For longer conversations, CoFounder can automatically summarize older messages into a compact summary that preserves key facts:

const agent = createAgent({
  name: 'long-conversation-agent',
  model: 'gpt-4o',
  memory: {
    type: 'summarize',
    maxMessages: 30,
    summarizeAfter: 20, // Summarize when history exceeds 20 messages
    summaryModel: 'gpt-4o-mini', // Use a cheaper model for summaries
    summaryPrompt: 'Summarize the key facts, decisions, and open questions from this conversation.',
  },
});

When the message count exceeds summarizeAfter, CoFounder takes the oldest messages, generates a summary, and replaces them with a single summary message.
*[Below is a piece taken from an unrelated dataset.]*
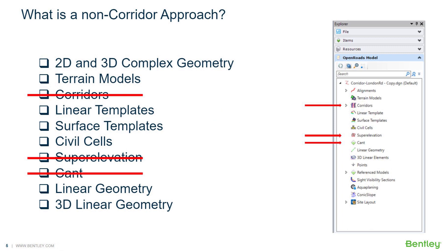For our non-corridor approaches, the scratched-out items are what would be included in corridor design. Outside of the corridor, we can use complex geometry that's going to be in 2D and 3D terrain models, placing linear templates, and applying surface templates.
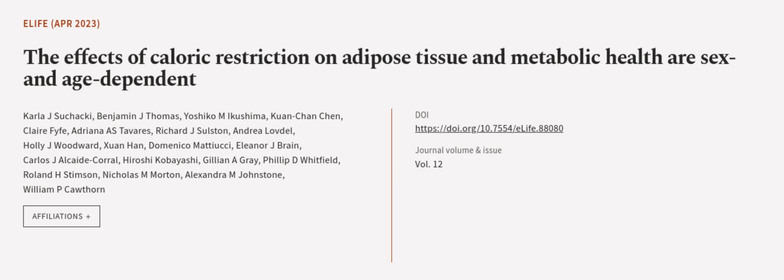This article was authored by Carla J. Suchaki, Benjamin J. Thomas, Yeshiko Emakushima, and others. We are article.tv, links in the description below.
The most recent messages are kept intact.

Token Counting

CoFounder provides built-in token counting so you can monitor context usage and make informed decisions about when to trim:

import { countTokens, estimateCost } from '@waymakerai/aicofounder-core';

// Count tokens in a message array
const tokenCount = countTokens(agent.getHistory(), 'gpt-4o');
console.log(`Current context: ${tokenCount} tokens`);

// Estimate cost before running
const cost = estimateCost({
  model: 'gpt-4o',
  inputTokens: tokenCount,
  estimatedOutputTokens: 500,
});
console.log(`Estimated cost: $${cost.toFixed(4)}`);

Persistent Memory with Supabase

For agents that need to remember information across sessions, CoFounder integrates with Supabase to store and retrieve conversation history and key facts:

import { createAgent, SupabaseMemory } from '@waymakerai/aicofounder-core';

const memory = new SupabaseMemory({
  supabaseUrl: process.env.SUPABASE_URL!,
  supabaseKey: process.env.SUPABASE_KEY!,
  table: 'agent_memory',
  userId: 'user-123',
});

const agent = createAgent({
  name: 'persistent-agent',
  model: 'gpt-4o',
  memory: {
    type: 'persistent',
    store: memory,
    loadOnStart: true, // Load previous conversation on initialization
    saveInterval: 'after-each-step', // Save after every agent step
  },
});

// The agent remembers previous conversations with this user
const result = await agent.run('What did we discuss last time?');

Persistent memory is essential for customer support agents, personal assistants, and any agent that interacts with users over multiple sessions.